# Problem
The answer must consist of the records below, repeated exactly.
Recorded information Block Start
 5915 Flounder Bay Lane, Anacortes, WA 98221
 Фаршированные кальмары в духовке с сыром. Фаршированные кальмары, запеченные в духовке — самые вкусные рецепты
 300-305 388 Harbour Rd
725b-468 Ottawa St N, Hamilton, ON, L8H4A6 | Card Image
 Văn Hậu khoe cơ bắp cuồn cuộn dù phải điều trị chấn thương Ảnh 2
Recorded information Block End
# Written solution
 5915 Flounder Bay Lane, Anacortes, WA 98221
 Фаршированные кальмары в духовке с сыром. Фаршированные кальмары, запеченные в духовке — самые вкусные рецепты
 300-305 388 Harbour Rd
725b-468 Ottawa St N, Hamilton, ON, L8H4A6 | Card Image
 Văn Hậu khoe cơ bắp cuồn cuộn dù phải điều trị chấn thương Ảnh 2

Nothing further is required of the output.